Faster Lua VM: Studio beta

madattak · June 27, 2019, 10:42am

This is perfect timing, some of my new code was starting to get a bit heavy on ol’ processor, this should help a lot!

EDIT: Microprofiler read a speed increase of about 15% in my code, and that’s with the studio debugger disabled for both VMs. Not bad! Might try and get some more accurate results later, as this was just a quick test.

madattak · June 27, 2019, 10:45am

Personally, I vote for this NOT to be changed, or at least change how NaN is handled. If you accidentally send NaN, inf, etc. to a BodyMover or constraint, it causes unpredictable bugs to start spilling out into various aspects of the game, which from personal experience, can send you down hours of false leads before finding out why parts of the level are randomly prevented from rendering, why parts are stuck in some weird superposition of existing/not existing, or why vehicles are randomly warping backwards in time to where they were a few seconds ago.

buildthomas · June 27, 2019, 10:51am

Changing the way the math operations work without extensive notice can be very dangerous. As you can see from @AxisAngle’s code, some people attach a specific semantic to NaN being the result of an operation.

It won’t be possible to tell if you actually got a 0 as a result or NaN, and you wouldn’t be able to tell the difference between NaN and -NaN anymore. If you don’t want NaN spilling into properties of Instances then you should safeguard your code from producing NaN. (i.e. by checking that you aren’t doing .unit on a vector with length 0, or 0/0, etc)

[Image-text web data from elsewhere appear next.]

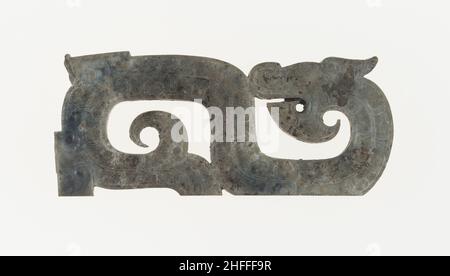 Plaque de dragon, dynastie de Zhou de l'est, (c.770-256 C.-B.), ch.4th siècle C.-B. Banque D'Images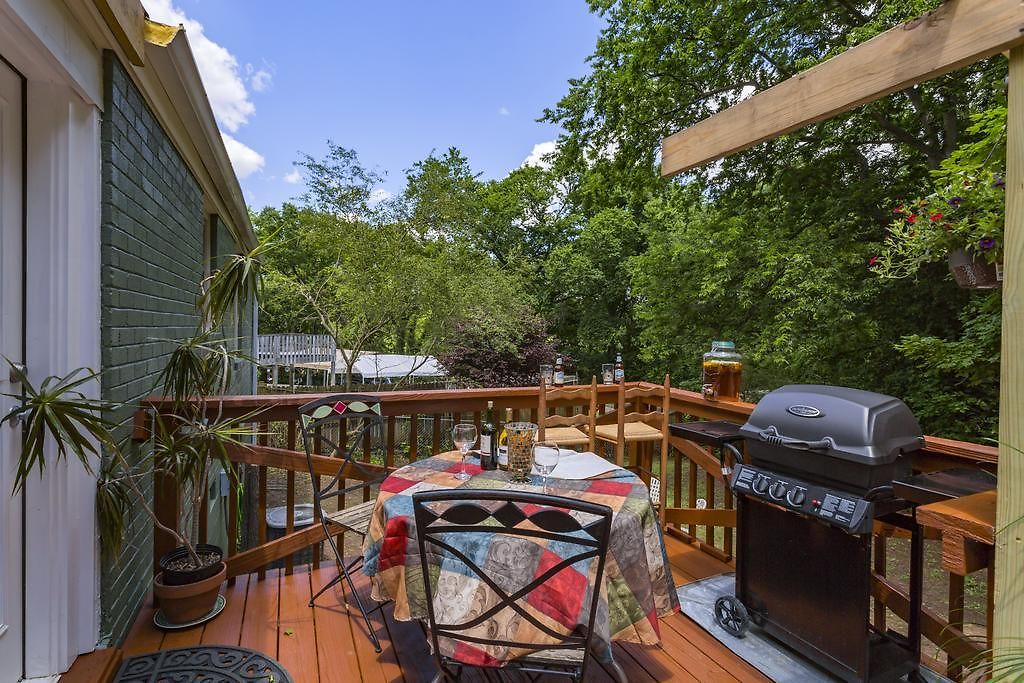 Guest house Southern Charm 2 Bedroom In East *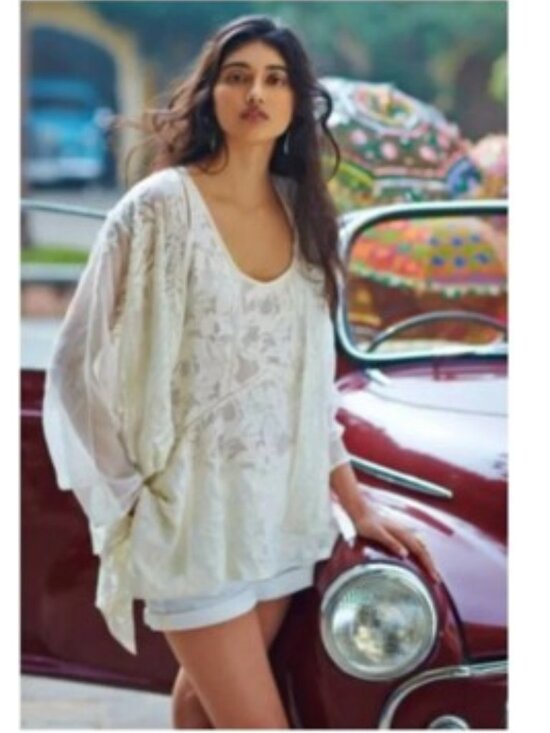 Beyond Vintage Tops - Anthropologie Beyond Vintage Embroidered Lace Kimono – Size XS/Small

What might be more effective is some way to set a warning message to appear when you set a certain property of an Instance to NaN.

madattak · June 27, 2019, 10:55am

That’s completely fair, and you’re right, the outcome of the equation should stay NaN. I would very much appreciate a warning message, and have created a request for this in the past.

What happened with my code was that a vector that I thought could never be 0,0,0 in very rare circumstances actually could be, which then caused all of the wacky bugs I mentioned earlier. Because they were so weird, and I’d never experienced any NaN errors before, I never thought to check for NaN vectors for a long time resulting in a lot of wasted time. But anyway, wrong thread for this I guess, I might make a new feature request.

dylanjkl · June 27, 2019, 1:30pm

How do we go about asking for the new VM to be enabled? Email or the forums?

AxisAngle · June 27, 2019, 2:06pm

zeuxcg · June 27, 2019, 2:43pm

New VM has optimizations for typical OOP structures, I think we include optimizations for the type of code you’ve listed although we’re more focused on metatable-based OOP (MyClass.__index = MyClass etc.).

zeuxcg · June 27, 2019, 2:46pm

While in general I agree that NaN creates more problems than it solves, the issue is that we can’t change how NaN behaves everywhere in the code - what you’re observing only happens in constant expressions, and something like workpace.Gravity/0-workpace.Gravity/0 will still generate a NaN right now.

Elttob · June 27, 2019, 2:49pm

Are recursive functions optimised in any way under the new VM, and if so, what kinds of optimisations can we expect for them? I know that stuff like tail call optimisation isn’t present in the current VM so I’m wondering if those issues are still there in the new VM

edit: also, would you advise we favour recursive functions over loops if it aids code readability, or would that cause optimisation issues?

zeuxcg · June 27, 2019, 3:12pm

We don’t implement tail calls in the new VM and don’t have special optimizations for recursive functions - function call cost is lower in the new VM but that’s just an across the board improvement. A recursive factorial runs ~1.5-2x faster in the new VM compared to old VM I believe.

A non-recursive algorithm is generally going to be faster in our VM unless you need to go out of your way to maintain some sort of custom stack. A non-recursive factorial runs ~2.5x faster than recursive factorial.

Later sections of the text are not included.